Forthcoming on Prefixmag.com
Jazzanova have made quite a name for themselves as remixers and producers over the past few years. 2002 saw the release of their debut LP, In Between, to critical acclaim worldwide. It put a blend of composition skills, programming talent and a wide-ranging musical background on display for mass consumption. On the LP, you’d swear some of the crisp drums were played live, but in fact, many times the breaks were painstakingly assembled in a studio with an astounding human element. The release of In Between also injected a new vitality into a genre that, while extremely strong in pockets, was sometime reduced to background music for cocktail consumption in trendy bars and outdoor cafes.
On the record, Jazzanova employed several guest vocalists and session musicians, including Vikter Duplaix, poet Ursula Rucker, and jazz legend Doug Hammond—names sure to resonate with fans of the nu-jazz, broken beat and soul genres. In addition, a high level of musicianship is on display: an example of this seen on the track, "Hanazono,"where the tempo changes from 11/12 to 3/4 to 5/6 in less than five minutes. Jazzanova aren’t just cratedigging cut and pasters —they have the theory and musical knowledge down to back it up.
After extensive DJ’ing and live tours around the world before and after In Between, they saw it fit to put together a proper mix of records they play out. This release also marks Jazzanova’s move from their longtime home at Compost Records (under their sublabel JCR—Jazznova Compost Records) to their own Sonar Kollektiv imprint.
In some ways, …Mixing is your average parabola-shaped DJ set. In their own words its “warm up, prime time, thanks – it was nice with you.” However, what makes this mix different is the stunning level of ecclecticsm. You can practically hear the collective shriek of delight emanating from the throats of Gilles Peterson Worldwide devotees, as so many genres get equal play in the mix, all with the same jazz and soul undertones tying things together.

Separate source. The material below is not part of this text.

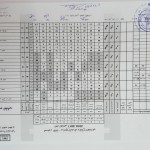 32635790_444851779286298_1131146089135603712_n - Copy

Like Mr. Peterson himself, Jazzanova skillfully go from soulful R&B, hip hop and house to broken beat, jazzy breaks and synth heavy funk before taking the tempo back down again to finish things off. They don’t get bogged down in long proggy mixes, but rather focus on songs, sometimes using tools and samples to segue between one tempo to another when beats can’t be squared up. And their taste is precdictably stellar. Cuts from Philadelphia’s Jill Scott, an acapella King Britt’s Oba Funke psydonym and a few exclusives are on display, including Jazzanova’s cover of a Patrice Rushen boogie track from the 70’s. Also, former Mo’Wax artists Attica Blues appear with an excellent unreleased remix by Dixon.
…Mixing has something for everyone—from the most hardened trainspotter to the casual listener. The exclusive tracks and mixes will whet the appetite of those faithful to the scene, and on the other side of the spectrum, the mix will equally engage the casual listener with the sheer quality, rhythm and dancability of the tracks. It goes to show that a DJ mix doesn’t have to be one tempo gradually building into a throbbing cresendo, but rather it can be a celebration of ecclectic music culled from several genres.